Koran SINAR PAGI,Bandung,-Wakil Ketua DPRD Jawa Barat, Oleh Soleh, mendesak Pemerintah Provinsi Jawa Barat serta meminta pemerintah daerah di 27 kabupaten dan kota di Jabar untuk tidak kendor dalam menyosialisasikan pentingnya masyarakat mematuhi protokol kesehataan di saat adapatasi kebiasan baru (AKB).

“Covid-19 belum hilang, kita tetap harus waspada, dan pemprov tidak boleh lengah untuk memperketat protokoler kesehatan.
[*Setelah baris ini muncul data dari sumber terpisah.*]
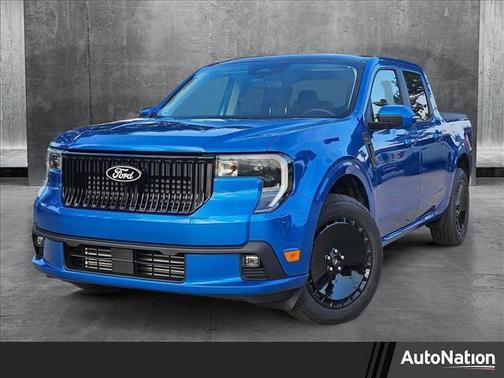 2025 Ford Maverick Lobo Standard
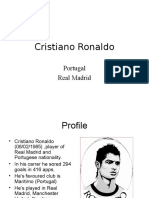 Cristiano Ronaldo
Tidak terkecuali gerakan pakai masker cuci tangan, dan jaga jarak,” kata Oleh di Bandung, Selasa (7/7)lalu.

Oleh yang didaulat jadi inisator Gerakan Jabar Bermasker ini juga meminta pemerintah untuk setegas-tegasnya memberik hukuman kepada pihak manapun dan siapa pun yang tidak patuh terhadap protokol kesehatan yang telah ditetapkan.

“Utamanya masker, kalau menurut saya bermasker itu wajib, selain menjaga kesehatan seperti cuci tangan, jaga jarak,” katanya.

Pengetatan protokoler kesehatan ini sangat penting, kata Oleh yang juga Ketua BPKPRMI Jawa Barat ini, karena bila tidak dilakukan, maka akan terjadi gelombang kedua penularan Covid-19 di Jabar. Kondisinya bisa lebih parah dari gelombang sebelumnya.

Untuknya, ekonomi penting berjalan, tapi kesehatan juga lebih penting.

“Jika itu diabaikan, karena tidak ada kesadaraan dari semua lapisan masyarakat, maka tidak menutup kemungkinan Jabar akan menjadi zona merah kembali. Itu yang tidak kami harapkan, ayo kita sadari, bahwa kedaan ini belum benar-benar normal,” ujarnya.

Tidak bosan, meski memasuki adaptasi kebiasaan baru atau new normal, Oleh Soleh tetap membagi-bagikan masker serta mengimbau masyarakat untuk istikamah mengikuti protokol kesehatan Covid-19.

Politisi PKB tersebut sempat membagi-bagikan masker ke sejumlah lembaga pondok pesantren, lembaga keagamaan, dan sejumlah pasar yang berada di Kota Tasik dan Kabupaten Tasikmalaya.

“Meski kita sudah masuk AKB atau new normal tapi saya minta masyarakat untuk tetap istikamah melakukan protokoler kesehatan di setiap kegiatan, kapan pun dan di mana pun berada, walau Jabar masuk secara sebagian zona hijau,” tuturnya.